A few weeks ago, I met with a colleague who runs a machine tool company in my home country of Germany; it's a mid-sized company with 600 employees. His company manufactures machines that automatically form metal parts that are used, for example, in the production of car airbags.
There is also demand for these machines in the US, but my colleague cannot just sell his machine to the States the way it is. In the EU, the electric cable that closes the machine’s circuit is blue coloured, as standard, but in the US, the colour of this specific cable needs to be white.
I personally doubt that one method is safer than the other, but the fact is my colleague needs to change the cables in his machines.

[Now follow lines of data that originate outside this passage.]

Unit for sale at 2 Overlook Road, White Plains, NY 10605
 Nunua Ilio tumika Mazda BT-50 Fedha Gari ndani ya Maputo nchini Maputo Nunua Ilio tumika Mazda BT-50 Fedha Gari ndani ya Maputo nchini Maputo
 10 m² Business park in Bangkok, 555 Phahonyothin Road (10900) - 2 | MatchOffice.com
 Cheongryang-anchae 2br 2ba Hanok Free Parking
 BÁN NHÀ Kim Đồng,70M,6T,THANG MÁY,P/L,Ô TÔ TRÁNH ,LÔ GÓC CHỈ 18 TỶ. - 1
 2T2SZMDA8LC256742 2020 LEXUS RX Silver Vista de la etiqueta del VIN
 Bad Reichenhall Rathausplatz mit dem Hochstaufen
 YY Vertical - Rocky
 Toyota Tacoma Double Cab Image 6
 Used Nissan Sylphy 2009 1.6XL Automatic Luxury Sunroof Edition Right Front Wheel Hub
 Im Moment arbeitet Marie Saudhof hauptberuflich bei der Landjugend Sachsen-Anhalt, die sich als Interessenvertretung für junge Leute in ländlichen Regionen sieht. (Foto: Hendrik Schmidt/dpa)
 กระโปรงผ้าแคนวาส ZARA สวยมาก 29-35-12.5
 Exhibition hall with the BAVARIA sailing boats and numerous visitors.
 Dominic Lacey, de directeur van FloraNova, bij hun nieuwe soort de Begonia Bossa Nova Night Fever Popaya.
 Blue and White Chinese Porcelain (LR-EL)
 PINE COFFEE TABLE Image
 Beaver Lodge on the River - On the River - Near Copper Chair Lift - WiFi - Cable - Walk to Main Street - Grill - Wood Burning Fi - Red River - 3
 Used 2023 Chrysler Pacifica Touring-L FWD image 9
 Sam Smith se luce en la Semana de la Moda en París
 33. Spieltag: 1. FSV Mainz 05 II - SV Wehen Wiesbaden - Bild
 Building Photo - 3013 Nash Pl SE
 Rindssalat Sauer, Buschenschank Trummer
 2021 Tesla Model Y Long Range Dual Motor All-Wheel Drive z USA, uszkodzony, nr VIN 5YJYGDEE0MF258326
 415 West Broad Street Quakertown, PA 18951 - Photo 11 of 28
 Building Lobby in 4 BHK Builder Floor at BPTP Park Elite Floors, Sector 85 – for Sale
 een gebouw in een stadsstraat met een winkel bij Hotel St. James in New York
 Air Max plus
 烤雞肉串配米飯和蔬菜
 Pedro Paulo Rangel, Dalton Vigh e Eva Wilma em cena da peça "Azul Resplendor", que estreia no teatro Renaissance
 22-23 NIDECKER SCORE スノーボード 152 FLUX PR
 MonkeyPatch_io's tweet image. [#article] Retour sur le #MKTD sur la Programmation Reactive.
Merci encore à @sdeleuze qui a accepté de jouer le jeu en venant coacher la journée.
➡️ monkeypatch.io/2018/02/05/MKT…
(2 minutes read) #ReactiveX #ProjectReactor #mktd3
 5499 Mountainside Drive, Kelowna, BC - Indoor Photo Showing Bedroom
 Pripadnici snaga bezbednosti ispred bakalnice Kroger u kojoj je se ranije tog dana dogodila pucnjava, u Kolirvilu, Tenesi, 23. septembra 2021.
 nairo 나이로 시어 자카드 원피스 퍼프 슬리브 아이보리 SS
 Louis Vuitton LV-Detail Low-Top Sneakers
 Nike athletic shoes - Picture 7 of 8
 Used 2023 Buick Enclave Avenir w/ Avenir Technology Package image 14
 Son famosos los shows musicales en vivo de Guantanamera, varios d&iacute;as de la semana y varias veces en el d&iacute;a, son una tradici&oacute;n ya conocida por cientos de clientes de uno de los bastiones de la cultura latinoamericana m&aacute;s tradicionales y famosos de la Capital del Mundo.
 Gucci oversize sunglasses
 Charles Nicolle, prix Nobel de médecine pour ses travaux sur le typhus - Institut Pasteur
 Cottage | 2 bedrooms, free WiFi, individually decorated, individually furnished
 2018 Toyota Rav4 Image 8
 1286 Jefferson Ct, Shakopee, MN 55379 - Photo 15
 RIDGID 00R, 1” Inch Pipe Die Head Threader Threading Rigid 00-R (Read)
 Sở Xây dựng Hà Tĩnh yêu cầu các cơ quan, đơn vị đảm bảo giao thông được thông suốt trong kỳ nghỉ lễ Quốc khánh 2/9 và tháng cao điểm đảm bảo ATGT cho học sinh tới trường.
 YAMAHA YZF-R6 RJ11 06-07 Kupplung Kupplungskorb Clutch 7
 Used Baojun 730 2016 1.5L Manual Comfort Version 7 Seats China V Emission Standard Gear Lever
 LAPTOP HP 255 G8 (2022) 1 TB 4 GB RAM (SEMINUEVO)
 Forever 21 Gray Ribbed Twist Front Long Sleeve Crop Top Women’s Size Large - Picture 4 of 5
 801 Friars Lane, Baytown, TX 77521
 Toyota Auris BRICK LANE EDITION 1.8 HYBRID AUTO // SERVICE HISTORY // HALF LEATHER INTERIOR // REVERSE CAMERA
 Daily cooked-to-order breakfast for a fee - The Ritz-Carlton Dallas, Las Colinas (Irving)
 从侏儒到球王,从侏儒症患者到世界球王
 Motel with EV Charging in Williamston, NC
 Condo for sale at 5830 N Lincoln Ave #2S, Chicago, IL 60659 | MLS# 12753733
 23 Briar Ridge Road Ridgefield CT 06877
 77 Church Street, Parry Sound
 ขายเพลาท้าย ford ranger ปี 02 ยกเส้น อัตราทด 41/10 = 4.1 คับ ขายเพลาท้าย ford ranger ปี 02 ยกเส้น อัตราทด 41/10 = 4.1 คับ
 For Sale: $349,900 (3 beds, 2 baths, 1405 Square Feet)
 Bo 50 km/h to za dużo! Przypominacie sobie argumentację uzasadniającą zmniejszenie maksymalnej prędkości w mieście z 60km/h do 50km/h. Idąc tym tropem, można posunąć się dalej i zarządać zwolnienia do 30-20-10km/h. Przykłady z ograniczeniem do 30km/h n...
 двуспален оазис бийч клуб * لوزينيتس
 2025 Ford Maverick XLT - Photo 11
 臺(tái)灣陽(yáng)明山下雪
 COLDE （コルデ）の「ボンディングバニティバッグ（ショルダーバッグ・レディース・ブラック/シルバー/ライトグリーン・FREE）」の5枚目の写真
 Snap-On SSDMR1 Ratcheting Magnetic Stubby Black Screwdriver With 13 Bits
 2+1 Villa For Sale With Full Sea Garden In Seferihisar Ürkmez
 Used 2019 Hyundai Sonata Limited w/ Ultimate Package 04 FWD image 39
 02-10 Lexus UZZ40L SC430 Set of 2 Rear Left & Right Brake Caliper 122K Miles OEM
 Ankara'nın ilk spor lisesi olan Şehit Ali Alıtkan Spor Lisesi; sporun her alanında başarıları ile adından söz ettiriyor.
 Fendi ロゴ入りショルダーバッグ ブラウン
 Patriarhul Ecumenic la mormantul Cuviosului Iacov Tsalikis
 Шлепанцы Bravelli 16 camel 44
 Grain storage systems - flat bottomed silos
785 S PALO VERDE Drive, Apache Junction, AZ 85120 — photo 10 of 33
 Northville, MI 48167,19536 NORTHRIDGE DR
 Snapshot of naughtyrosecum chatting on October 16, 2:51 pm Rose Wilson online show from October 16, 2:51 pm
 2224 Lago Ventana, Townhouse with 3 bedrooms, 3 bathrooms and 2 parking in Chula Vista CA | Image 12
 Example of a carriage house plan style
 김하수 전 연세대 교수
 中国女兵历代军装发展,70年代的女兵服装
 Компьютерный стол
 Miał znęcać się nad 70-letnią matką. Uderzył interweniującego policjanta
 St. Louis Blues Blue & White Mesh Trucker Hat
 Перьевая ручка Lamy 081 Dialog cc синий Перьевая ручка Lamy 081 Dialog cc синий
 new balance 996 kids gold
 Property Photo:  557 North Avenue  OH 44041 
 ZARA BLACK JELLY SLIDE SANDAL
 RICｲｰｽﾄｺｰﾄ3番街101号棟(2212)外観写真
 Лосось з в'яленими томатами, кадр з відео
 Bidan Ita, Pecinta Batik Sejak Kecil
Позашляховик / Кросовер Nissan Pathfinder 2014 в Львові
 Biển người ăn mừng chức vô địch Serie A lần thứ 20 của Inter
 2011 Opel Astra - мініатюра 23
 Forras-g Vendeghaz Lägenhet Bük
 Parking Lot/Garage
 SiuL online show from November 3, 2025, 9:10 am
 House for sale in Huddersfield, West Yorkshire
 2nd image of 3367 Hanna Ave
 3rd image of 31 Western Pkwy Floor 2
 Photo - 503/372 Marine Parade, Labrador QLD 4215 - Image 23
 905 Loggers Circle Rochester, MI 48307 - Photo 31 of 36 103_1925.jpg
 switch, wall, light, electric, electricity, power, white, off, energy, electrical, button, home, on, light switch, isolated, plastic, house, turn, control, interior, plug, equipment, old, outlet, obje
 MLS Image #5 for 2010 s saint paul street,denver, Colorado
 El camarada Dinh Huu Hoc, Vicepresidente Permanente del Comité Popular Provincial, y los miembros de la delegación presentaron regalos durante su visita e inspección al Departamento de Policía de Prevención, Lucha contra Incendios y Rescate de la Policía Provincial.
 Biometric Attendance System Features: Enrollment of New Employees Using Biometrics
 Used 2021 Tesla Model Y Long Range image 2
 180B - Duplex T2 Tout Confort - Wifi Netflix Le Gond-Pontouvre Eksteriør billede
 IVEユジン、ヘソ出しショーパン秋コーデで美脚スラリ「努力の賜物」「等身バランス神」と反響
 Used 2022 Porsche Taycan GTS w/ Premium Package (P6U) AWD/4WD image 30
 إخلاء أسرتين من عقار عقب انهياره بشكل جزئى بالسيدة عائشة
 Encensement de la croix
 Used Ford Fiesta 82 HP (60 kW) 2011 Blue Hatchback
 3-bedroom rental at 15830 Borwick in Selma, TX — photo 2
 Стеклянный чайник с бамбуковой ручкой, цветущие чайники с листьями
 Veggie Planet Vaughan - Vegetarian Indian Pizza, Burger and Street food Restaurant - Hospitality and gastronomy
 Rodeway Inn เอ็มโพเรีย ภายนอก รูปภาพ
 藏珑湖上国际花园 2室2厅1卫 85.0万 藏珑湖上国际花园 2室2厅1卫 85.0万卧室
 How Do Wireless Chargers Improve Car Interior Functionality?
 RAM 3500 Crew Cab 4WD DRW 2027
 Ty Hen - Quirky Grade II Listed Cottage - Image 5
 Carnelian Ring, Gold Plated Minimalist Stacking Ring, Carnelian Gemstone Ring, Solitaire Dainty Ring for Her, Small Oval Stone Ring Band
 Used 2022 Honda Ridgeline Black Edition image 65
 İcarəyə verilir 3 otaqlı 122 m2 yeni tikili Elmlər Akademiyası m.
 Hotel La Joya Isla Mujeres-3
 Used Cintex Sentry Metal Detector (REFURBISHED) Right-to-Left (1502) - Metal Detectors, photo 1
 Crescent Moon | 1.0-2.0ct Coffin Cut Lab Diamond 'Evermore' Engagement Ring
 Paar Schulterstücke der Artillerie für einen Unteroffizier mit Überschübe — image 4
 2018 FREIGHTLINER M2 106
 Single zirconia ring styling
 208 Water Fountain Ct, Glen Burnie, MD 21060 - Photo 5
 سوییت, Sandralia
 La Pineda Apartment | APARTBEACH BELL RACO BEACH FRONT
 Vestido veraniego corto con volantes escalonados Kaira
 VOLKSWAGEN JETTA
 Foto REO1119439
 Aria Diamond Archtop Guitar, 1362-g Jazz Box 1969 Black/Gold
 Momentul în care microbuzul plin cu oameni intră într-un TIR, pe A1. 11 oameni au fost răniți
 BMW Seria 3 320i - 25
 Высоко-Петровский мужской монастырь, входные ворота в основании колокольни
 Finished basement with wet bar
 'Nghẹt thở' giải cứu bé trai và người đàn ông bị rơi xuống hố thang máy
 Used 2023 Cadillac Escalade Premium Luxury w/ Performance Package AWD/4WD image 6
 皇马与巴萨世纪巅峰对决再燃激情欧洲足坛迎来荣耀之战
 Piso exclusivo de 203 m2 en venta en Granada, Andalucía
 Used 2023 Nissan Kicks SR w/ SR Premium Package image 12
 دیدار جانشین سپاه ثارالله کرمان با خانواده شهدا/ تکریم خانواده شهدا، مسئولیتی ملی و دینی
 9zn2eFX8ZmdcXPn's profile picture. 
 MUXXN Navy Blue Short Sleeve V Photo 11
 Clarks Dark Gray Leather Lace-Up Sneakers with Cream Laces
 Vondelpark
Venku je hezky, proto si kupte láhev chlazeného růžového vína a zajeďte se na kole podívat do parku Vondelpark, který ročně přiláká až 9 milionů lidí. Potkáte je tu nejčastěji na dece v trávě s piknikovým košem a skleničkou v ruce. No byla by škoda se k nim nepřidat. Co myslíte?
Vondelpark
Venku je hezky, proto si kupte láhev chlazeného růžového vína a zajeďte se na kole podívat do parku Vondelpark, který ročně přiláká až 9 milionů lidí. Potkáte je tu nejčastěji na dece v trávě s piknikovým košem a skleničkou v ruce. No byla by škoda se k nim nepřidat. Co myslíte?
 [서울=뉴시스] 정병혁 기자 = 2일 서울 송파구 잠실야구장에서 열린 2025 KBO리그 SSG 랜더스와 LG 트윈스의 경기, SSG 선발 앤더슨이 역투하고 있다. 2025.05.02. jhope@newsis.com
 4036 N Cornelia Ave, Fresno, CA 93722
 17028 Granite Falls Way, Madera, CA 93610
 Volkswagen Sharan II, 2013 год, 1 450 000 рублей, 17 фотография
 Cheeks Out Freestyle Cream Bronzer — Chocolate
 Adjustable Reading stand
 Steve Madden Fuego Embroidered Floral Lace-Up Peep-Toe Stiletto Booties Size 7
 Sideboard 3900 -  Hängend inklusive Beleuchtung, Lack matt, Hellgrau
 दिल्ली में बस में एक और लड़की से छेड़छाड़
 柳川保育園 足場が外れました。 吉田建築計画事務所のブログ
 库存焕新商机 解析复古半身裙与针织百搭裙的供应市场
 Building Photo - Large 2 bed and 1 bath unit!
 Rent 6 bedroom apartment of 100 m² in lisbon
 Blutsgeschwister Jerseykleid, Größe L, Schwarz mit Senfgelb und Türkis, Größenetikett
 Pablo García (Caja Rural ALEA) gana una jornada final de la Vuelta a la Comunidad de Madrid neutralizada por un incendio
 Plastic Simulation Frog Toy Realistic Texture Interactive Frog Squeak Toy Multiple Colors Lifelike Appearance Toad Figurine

Otherwise, he is not allowed to ship them over the Atlantic Ocean.
From different electrical connectors, via different-sized screw threads, to distinct views about how to write an insightful instruction manual, there is an impressive list of tiny barriers which an engineering company must overcome to do business in the US.
But machinery companies usually deliver tailor-made solutions to their clients; mass production is the exception, not the rule. So they are unable to spread fixed costs over millions of units they manufacture.
Due to modifications, it costs European machinery companies 5% to 20% more to build a machine for an American customer, and it often takes them several months longer. Current regulations cause a huge disadvantage for everyone who want to sell overseas and a ridiculous waste of resources.
Since the sixth round of TTIP negotiations in July, representatives from the EU and the US have been in talks about a specific chapter in the agreeement dealing with the barriers affecting the mechanical engineering industry. With a bit of luck, we will soon be able to sell the same machines in the EU and the US with an electronic system people will be able to understand.
I would regard this as a huge success. But in the public discussion about TTIP, I have never heard anybody wondering about the colour of some cables. I think we should start doing so.
In 2012, machinery deliveries made up almost 13% of total EU exports to the US. This is more than the automotive industry. About three million Europeans work in mechanical engineering.
Are you fed up with politicians who pamper huge companies? Fine. The companies I represent in the German mechanical engineering association have 173 employees on average.
I promised not to preach to you about the greatness of TTIP. I realise that TTIP is not only about mechanical engineering. I acknowledge that there are controversies that are not easy to solve. I understand Europeans have a lot of questions about TTIP, and they have a right to get answers.
But SMEs in the mechanical engineering industry are a good example of why it is worth the effort to make TTIP work.
I would like to ask you to bear three points in mind next time you think, talk or write about TTIP. Firstly, big companies might benefit from TTIP but export-oriented SMEs may benefit even more. Secondly, many European products are amazingly smart and they do not need to be protected from competition. Thirdly, TTIP is not about higher or lower standards – it is about setting the same standards together.